Государево царство - Зарин Андрей Ефимович 15 стр.


Девушка стрелою помчалась на передний двор и через минуту вернулась, весело крича:

— Скоморохи идут!

Княгиня улыбнулась. Сон на время оставил её.

Девушка подбежала к крыльцу и, едва переводя дыхание, быстро заговорила:

— И уж что за занятные. Почитай, полтора десятка будет. Медведя ведут с козою, а у других сопелки, домры, накры. Один с куклами, а другой с гудками. Старый-старый!.. Повели позвать.

— Повели позвать, княгинюшка! — смело заголосили сбившиеся в кучу девушки, а Миша, вбежав на крыльцо, обнял колена матери и запросил тоже:

— Повели, матушка! Золотце, прикажи!

И самой княгине хотелось развлечься. Она улыбнулась и кивнула головою.

— Ин быть по-твоему! — сказала она, гладя чёрную головку Миши, и приказала той же Матрёше:

— Вели им к нам сюда идти!

Матрёша вспрыгнула козою и скрылась за зданиями.

Княгиня снова опустилась на верхнюю ступеньку крылечка, маленький Миша сел и прижался к её коленам, а девушки столпились у крыльца. Через несколько минут послышались шум шагов, осторожный говор, бряцание цепи, и из-за угла терема вышла толпа скоморохов. Они подошли ближе, остановились в почтительном отдалении — и земно поклонились княгине.

— Встаньте, встаньте, прохожие люди! — ласково сказала княгиня.

Скоморохи встали и выпрямились, держа в руках войлочные колпаки и гречишники.[5]

Их было человек двенадцать, и они казались шайкою разбойников — так дерзок и лукав был их внешний вид. Впереди всех стоял поводырь с медведем. Огромный, с рыжей бородою, с одним глазом и чёрной дырою на месте другого, в сермяге и с босыми ногами, он производил отталкивающее впечатление. Рядом с ним, держа в поводу козу, стоял маленький паренёк в пестрядинной рубахе, с лицом, изъеденным оспою, с жидкими волосёнками на остроконечной голове; его раскосые глаза бегали во все стороны, а тонкие, бескровные губы растягивались до самых ушей. За ним стоял чудашник — высокий, слепой старик с угрюмым лицом, и рядом с ним мальчик, державший гудок старика. А дальше стояла толпа рыжих, чёрных, белых оборванцев с беспечными лицами и наглыми взглядами.

— Куда путь держите? — ласково спросила княгиня.

Рыжий поводырь тряхнул кудрями и ответил:

— На Москву, государыня-матушка, слышь, там на три дня от царя веселие заказано…

— Так, так, — сказала княгиня, — к нашему царю-батюшке его батюшка ворочается.

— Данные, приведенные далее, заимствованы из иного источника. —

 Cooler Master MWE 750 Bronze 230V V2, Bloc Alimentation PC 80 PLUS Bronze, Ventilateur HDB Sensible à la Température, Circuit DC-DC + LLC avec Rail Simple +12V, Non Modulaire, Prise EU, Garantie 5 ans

— Дозволь потешить! — проговорил тот же поводырь.

— Что же, потешьте! Чем тешить будете?

— А что повелишь нам, смердам. Есть у нас и гудошник — песню споёт, есть и куклы потешные, и медведь наученный, и коза-егоза, и плясуны, и сказочники. Что повелишь, государыня?

Девушки умоляюще взглянули на княгиню, и она, сразу поняв их желания, сказала:

— Ну, кажите всё по ряду!

Рыжий великан поклонился и дёрнул медведя за цепь. Тот зарычал и поднялся на задние лапы, девушки с визгом сжались, как испуганное стадо. Миша прижался к коленам матери, да и сама княгиня побледнела, услышав страшный рёв.

— Ну, ну, Мишук, поворачивайся! — грубым голосом заговорил косой поводырь. — Покажи на потеху честным людям для смеху, как лях кобенится, на красну девку зарится!

— А ты, коза-дереза, пляши для веселия, как смерд с похмелия! — загнусил его товарищ, дёргая козу за рога.

В это время загремел деревянный барабан, зазвенели накры (род теперешних тарелок), затрубил рожок, и началось представление. Коза с усилием поднялась на задние ноги и завертелась на месте, а медведь, рыча, поджал передние лапы, словно в бока, и, откинув голову, стал важно ходить взад и вперёд.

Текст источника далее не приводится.